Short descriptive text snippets
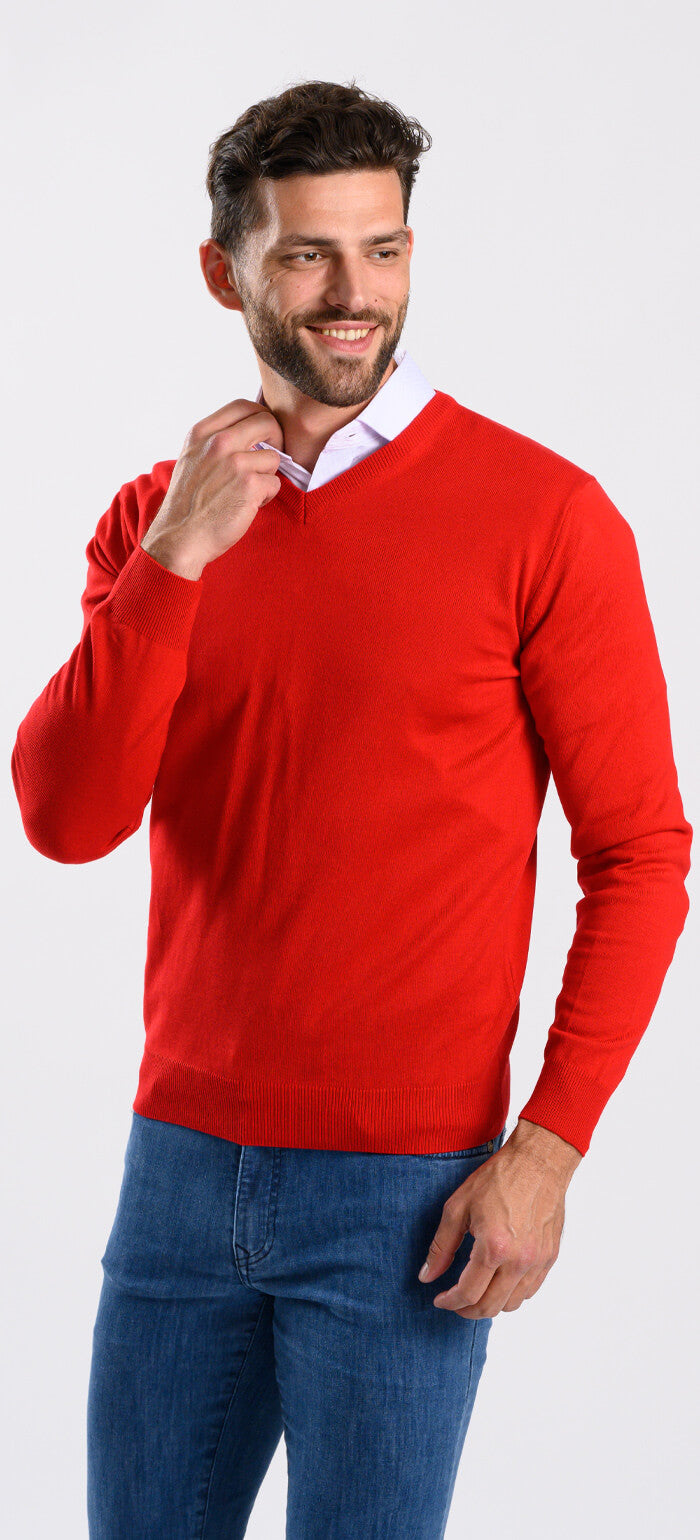 Red cotton V-neck sweater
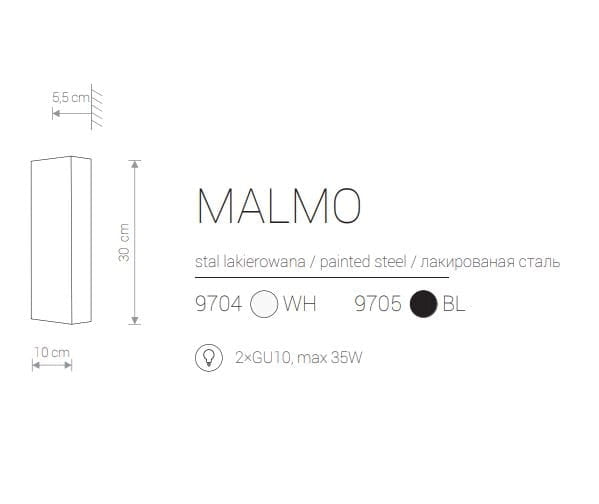 Applique Nowodvorski MALMO nera in metallo 2xGU10 35W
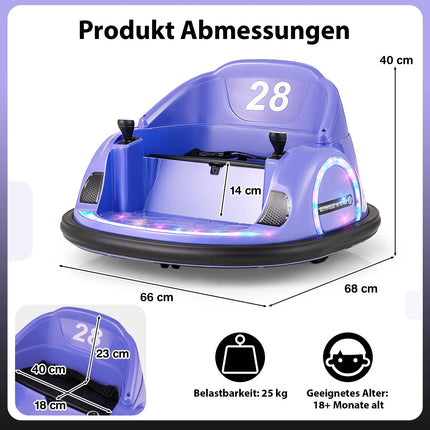 Mașinuță electrică cu bara de protecție rotativă la 360° pentru copii, 12V, violet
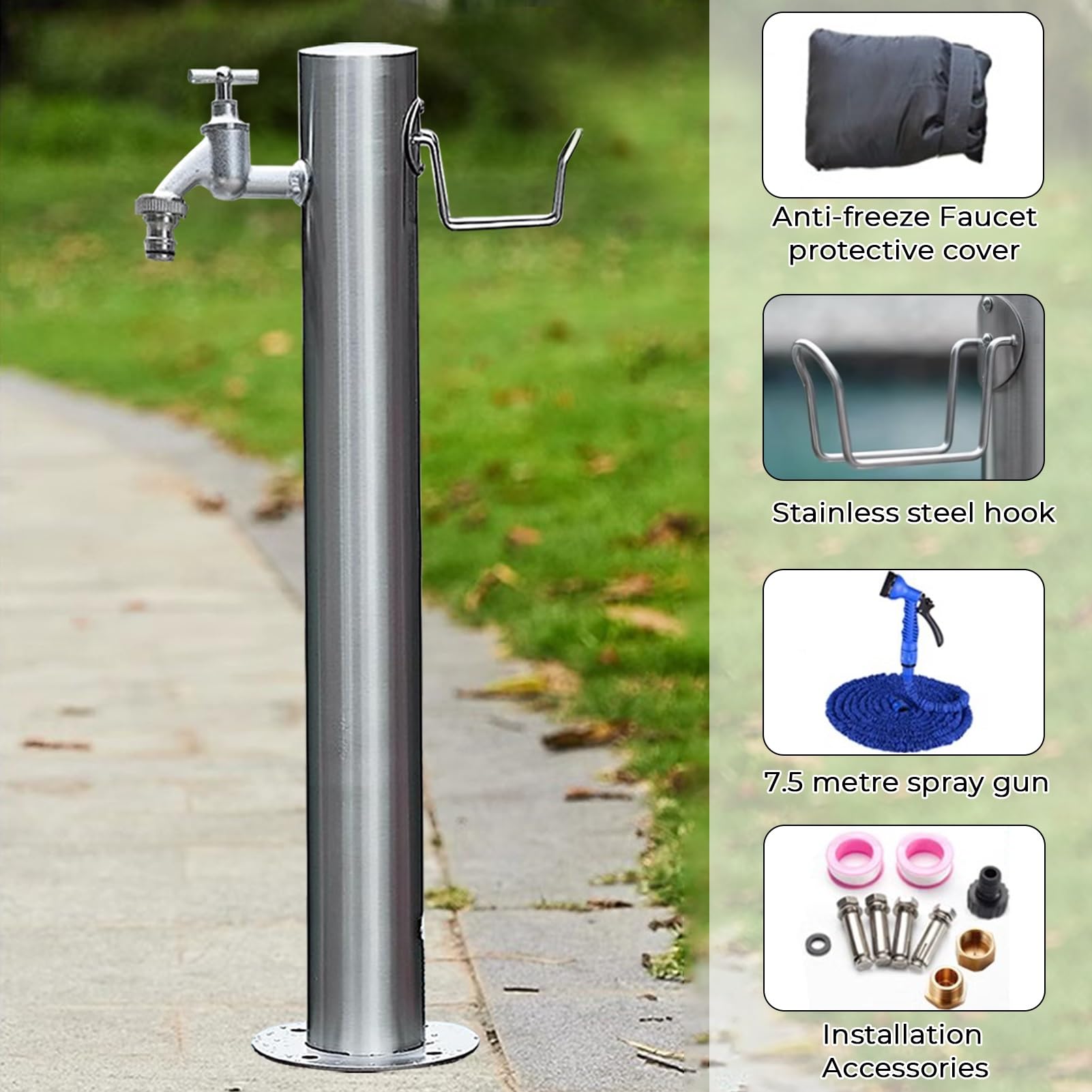 Columna de agua vertical de acero inoxidable para jardín, grifo de agua montado en el suelo, extensor de grifo de manguera anticongelante para riego y fuente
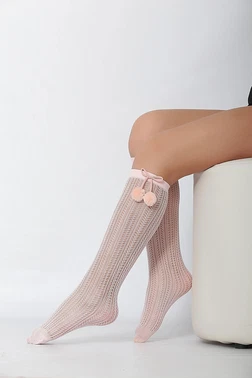 Daymod Peri Ponponlu File Çocuk Dizaltı Çorap Pembe Daymod D2222021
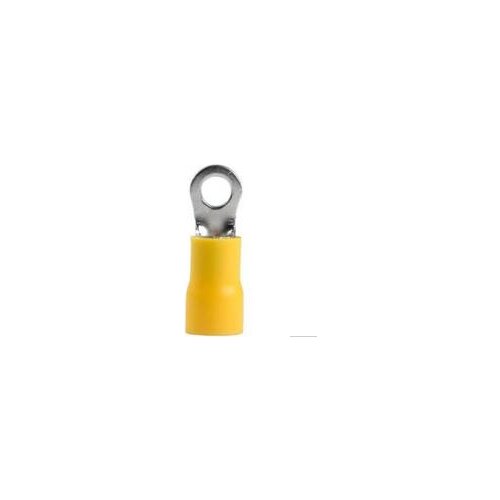 Free shipping 50PCS RV5.5-4S yellow round pre-insulated terminals cold pressing terminals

The task:
Reproduce all of the records above exactly, but exclude the pictures.

Answer to this exercise:
 Red cotton V-neck sweater
 Applique Nowodvorski MALMO nera in metallo 2xGU10 35W
 Mașinuță electrică cu bara de protecție rotativă la 360° pentru copii, 12V, violet
 Columna de agua vertical de acero inoxidable para jardín, grifo de agua montado en el suelo, extensor de grifo de manguera anticongelante para riego y fuente
 Daymod Peri Ponponlu File Çocuk Dizaltı Çorap Pembe Daymod D2222021
 Free shipping 50PCS RV5.5-4S yellow round pre-insulated terminals cold pressing terminals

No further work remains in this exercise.